WHAT YOU ARE ASKED TO DO
Everything from the line with "junior interislas sant antoni" to the line with "s6-1-freematic brow powder DOUCCE" in the listing below, both lines included, needs to be copied exactly, apart from the pictures.

INFORMATION SUPPLIED
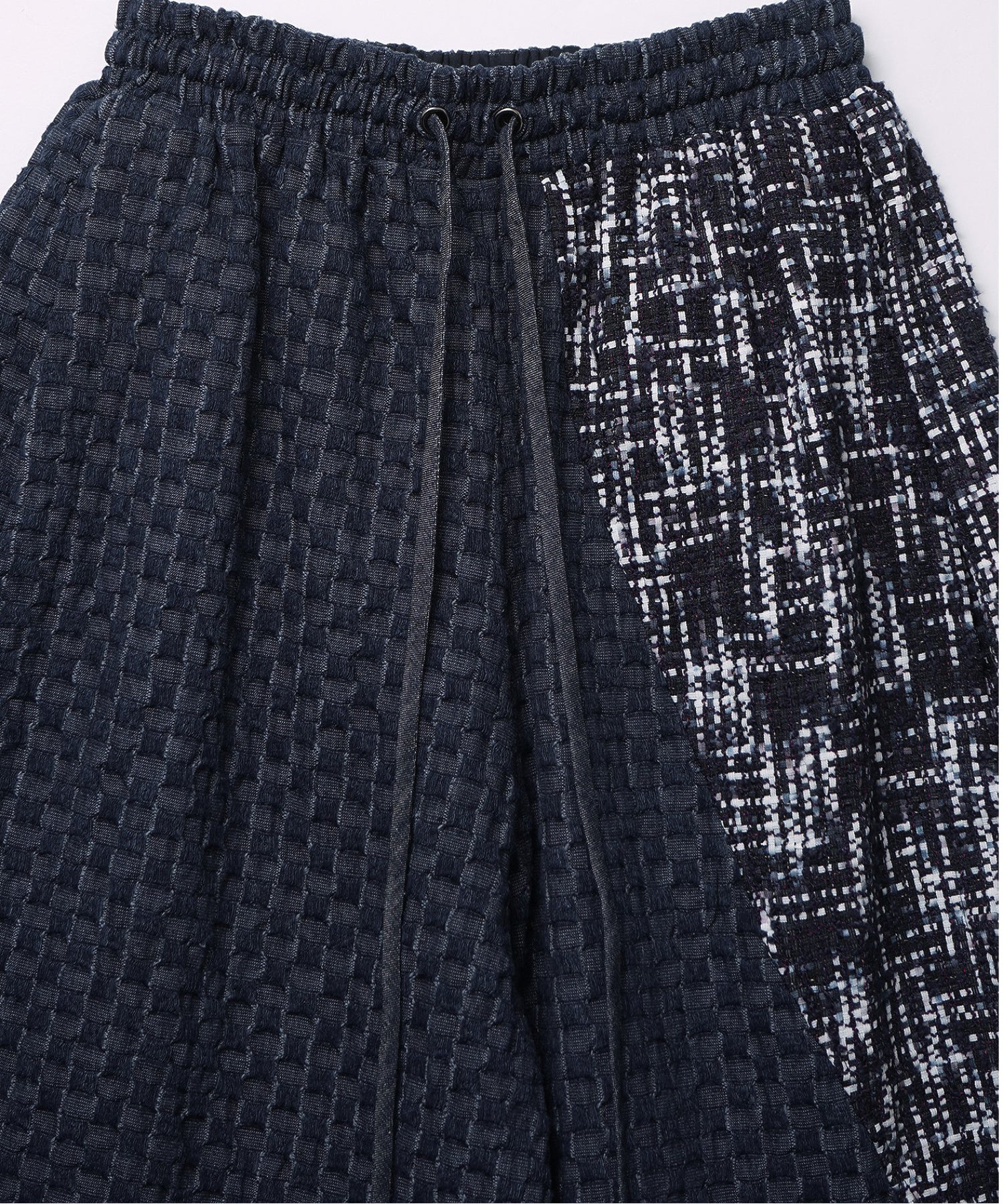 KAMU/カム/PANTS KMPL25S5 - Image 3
...
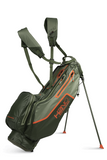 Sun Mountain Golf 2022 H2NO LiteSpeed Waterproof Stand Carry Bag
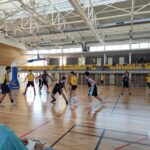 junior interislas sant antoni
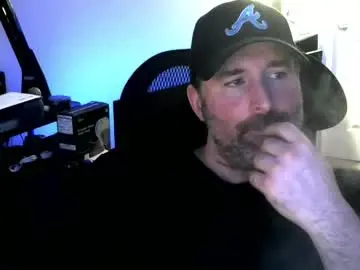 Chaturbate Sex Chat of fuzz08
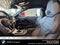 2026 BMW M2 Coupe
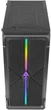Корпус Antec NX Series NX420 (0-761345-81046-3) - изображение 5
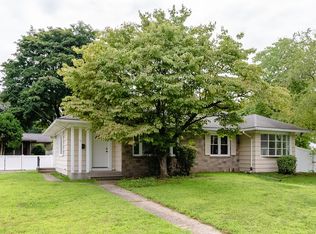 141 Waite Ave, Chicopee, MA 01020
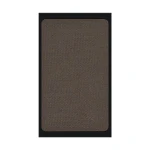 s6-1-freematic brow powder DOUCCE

SOLUTION FOR THIS TASK
 junior interislas sant antoni
 Chaturbate Sex Chat of fuzz08
 2026 BMW M2 Coupe
Корпус Antec NX Series NX420 (0-761345-81046-3) - изображение 5
 141 Waite Ave, Chicopee, MA 01020
 s6-1-freematic brow powder DOUCCE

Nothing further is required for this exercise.